PROBLEM TO SOLVE =
When the line containing "Toyota Avalon 2022 из CN, фото 9" is found in the data below, give it again along with every later line, exactly; drop the pictures.

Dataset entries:
"""

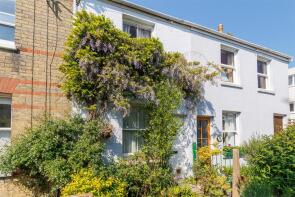 4, Claremont Place, Sun Hill, Cowes PO31 7JA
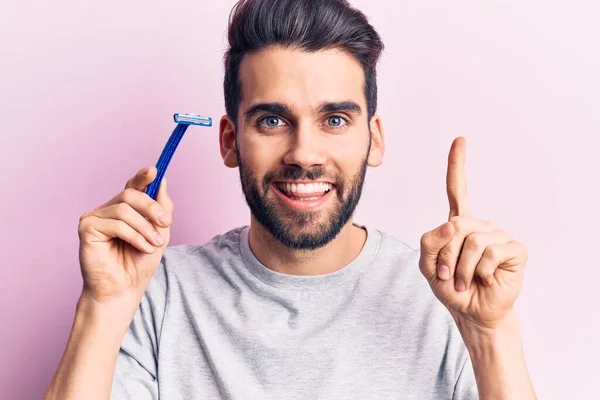 Joven Hombre Guapo Con Barba Sosteniendo Navaja Sonriendo Con Una — Foto de Stock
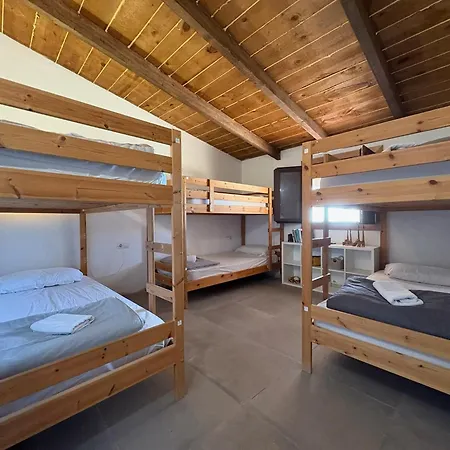The Tree House Surf Camp أذيخي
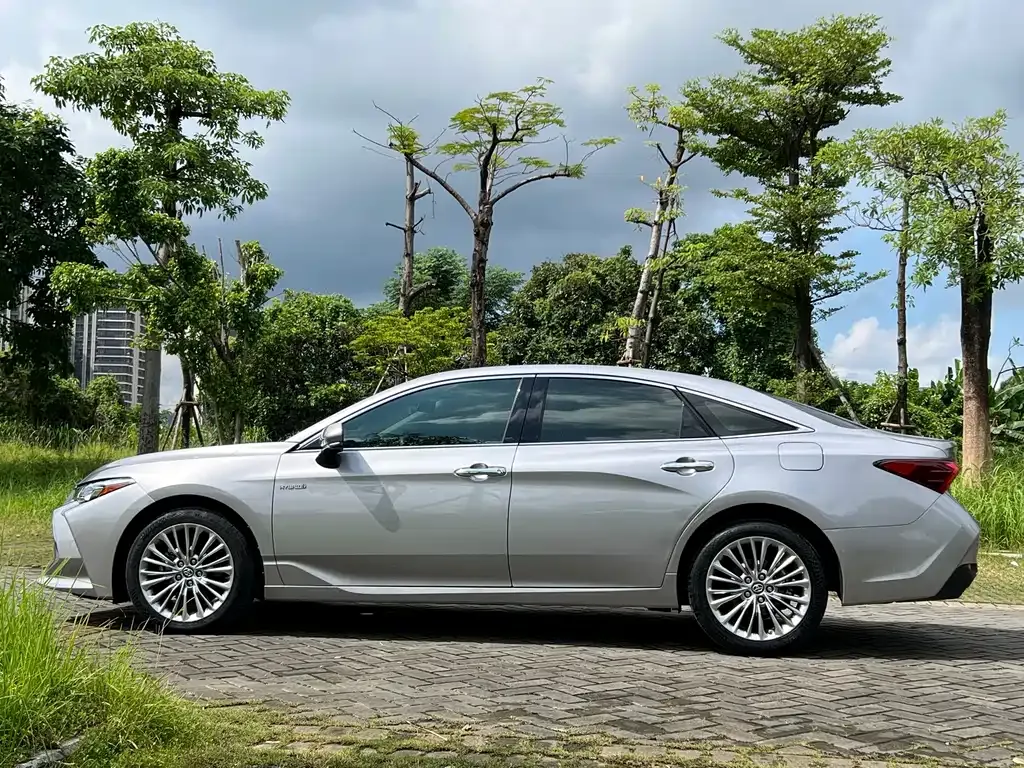 Toyota Avalon 2022 из CN, фото 9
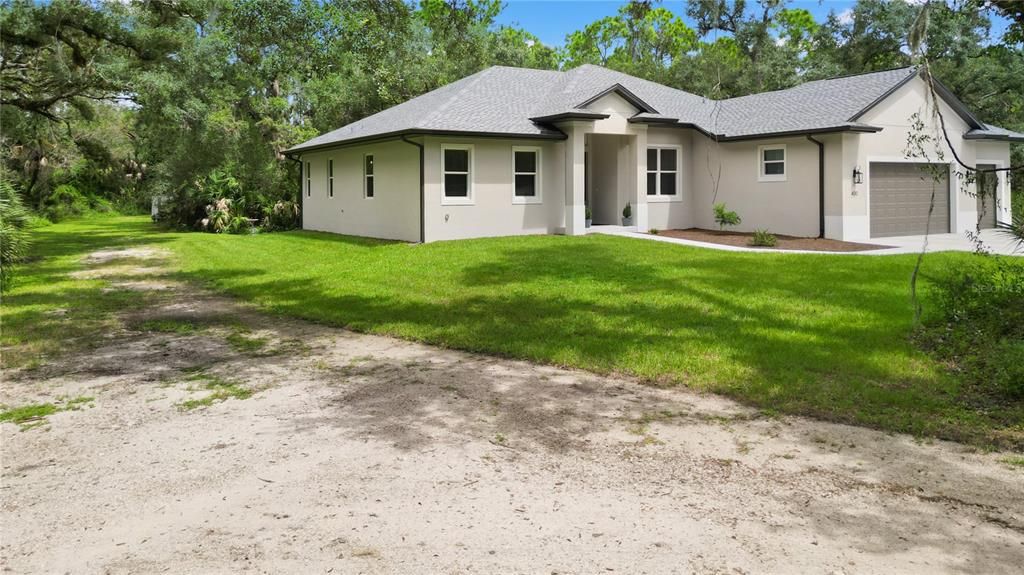 For Sale: $1,150,000 (3 beds, 2 baths, 2056 Square Feet)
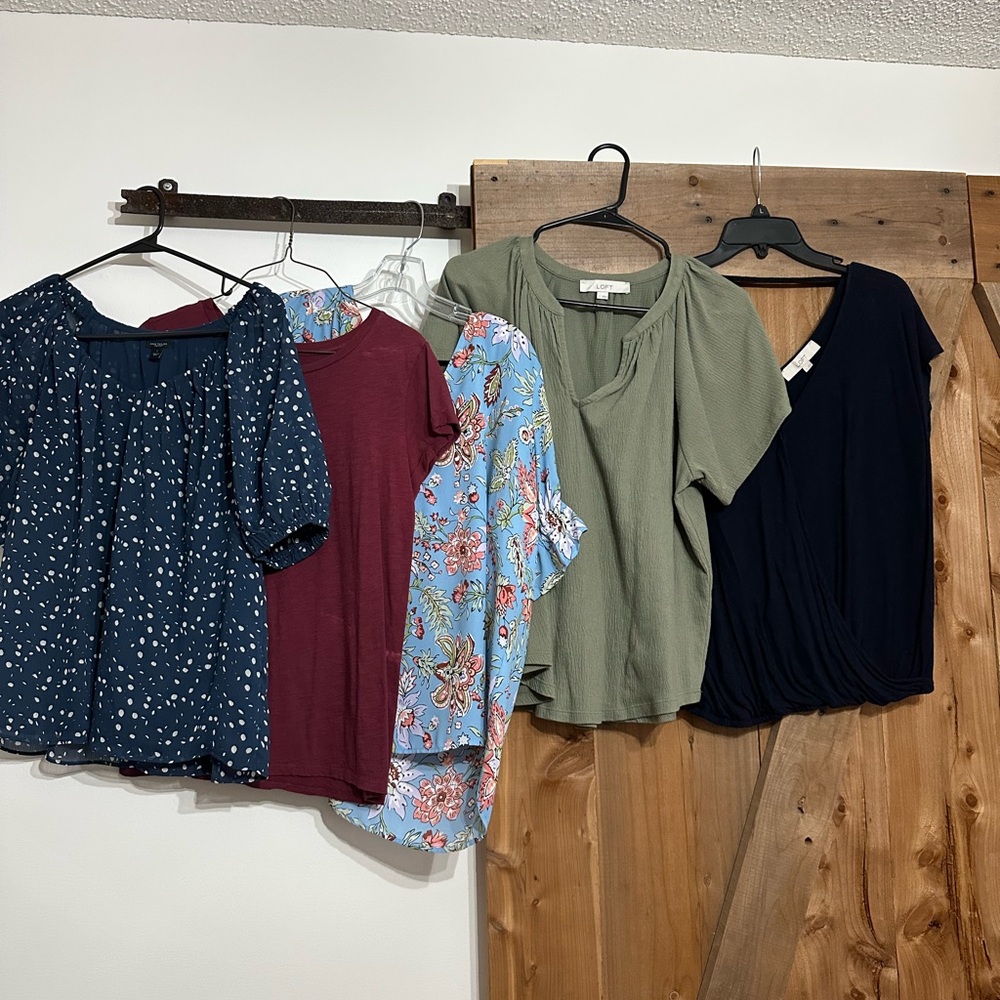 Bundle of shirts - S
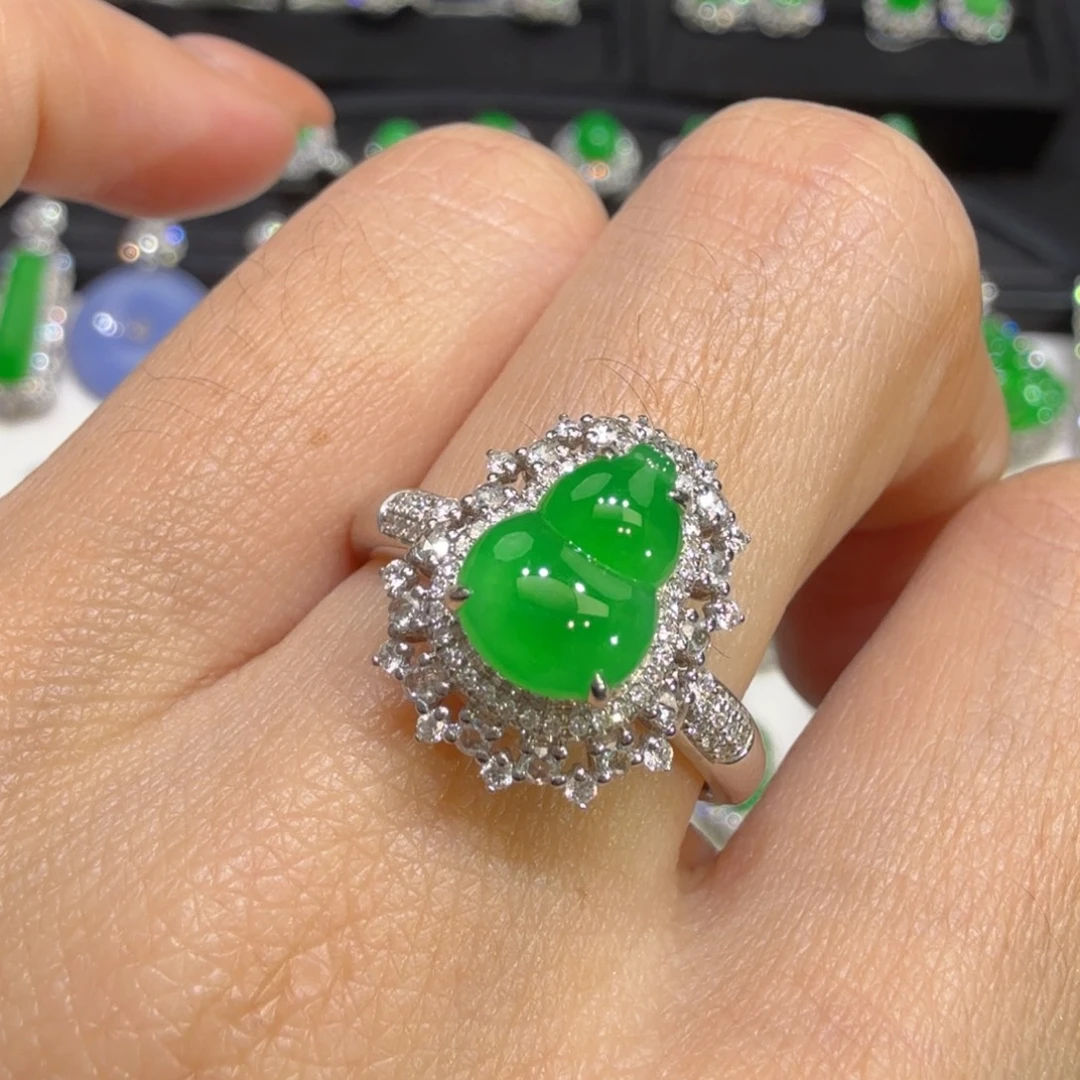 翡翠18K金镶嵌戒指收到货48小时鉴赏期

"""

EXERCISE ANSWER =
 Toyota Avalon 2022 из CN, фото 9
 For Sale: $1,150,000 (3 beds, 2 baths, 2056 Square Feet)
 Bundle of shirts - S
 翡翠18K金镶嵌戒指收到货48小时鉴赏期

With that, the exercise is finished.